Lens comes from the same Latin root as the word lentil. And the lentil outline, bulging outwards on both sides, is the most familiar shape for a glass that focuses light—as any child burning leaves and ants with a magnifying glass can tell you.
But for focusing an image onto a piece of film, that basic double-convex shape has some flaws. One is that light passing through the outside edges of the lens gets focused at a different distance than rays going through the center. This is spherical aberration. It also means light rays entering the lens at an angle get focused into blurry comet shapes, an aberration called coma.
It turns out you can improve the sharpness of a single-element lens with a couple of tricks: First, you drop the lentil shape, and instead, use a lens with one side that’s convex and one concave—a “meniscus” lens. Second, on the concave side you add an aperture stop (think f/11 or smaller), to block those pesky misfocusing outside rays.
Meniscus lens and aperture stop—ready to build a 16×20″ Brownie
A meniscus lens can offer surprisingly decent sharpness, if you only need small snapshot prints; the arrangement I just described has been used in millions of simple cameras, dating back to the original 1888 box-shaped Kodak.
But this optical arrangement has one quirk, which is that straight lines in your subject can warp into curves. Here’s a photo from a plastic Diana-type camera from the 1970s, with a simple meniscus lens in front of the aperture stop:
The straight lines sort of suck inwards towards the middle—an effect you can also see in photos from Holga cameras, which have the same lens arrangement. The shape of this warping somehow inspired the name pincushion distortion.

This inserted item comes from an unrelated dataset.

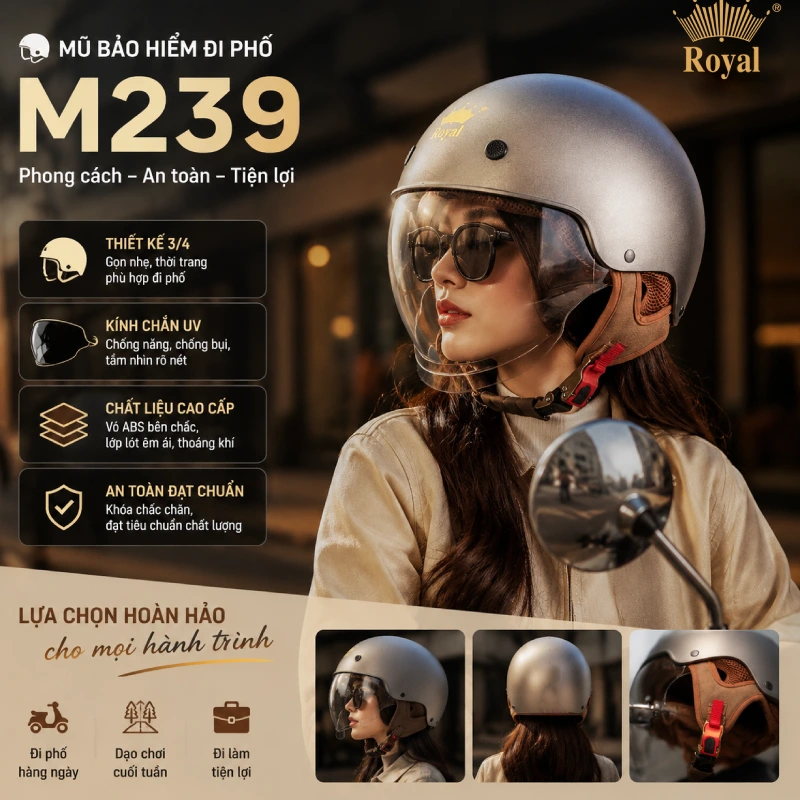 Mũ bảo hiểm đi phố Royal M239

If a meniscus lens is placed behind the stop, the distortion curves the opposite way—bulging outwards—called barrel distortion. Interestingly, most early box cameras used this lens arrangement. Perhaps that’s because subjectively, barrel distortion is slightly less distracting than the pincushion kind.
But a camera with no outwardly visible lens is strange-looking to consumers. Kodak actually resorted to adding a dummy piece of flat glass in front of the aperture stop for its Brownie Hawkeye Flash camera, so customers would be reassured by a more normal-looking appearance.
Other camera makers solved the problem by putting the lens in front of the aperture stop, but then curving the film gate to help straighten out the pincushioning.
(And yes, if you pair two identical lenses on either side of an aperture, it cancels out the distortion—inspiring the “Rapid Rectilinear” designs of the brass-barrel era.)
Another problem with single-element lenses is that glass bends light through different angles depending on its color (think of prisms). So a simple lens focuses different-colored light at different distances, a defect called chromatic aberration. Again, it’s most obvious with rays passing through the lens at an angle. Here’s a detail from another Diana-clone shot, showing just the red/blue color fringing in one corner of the frame.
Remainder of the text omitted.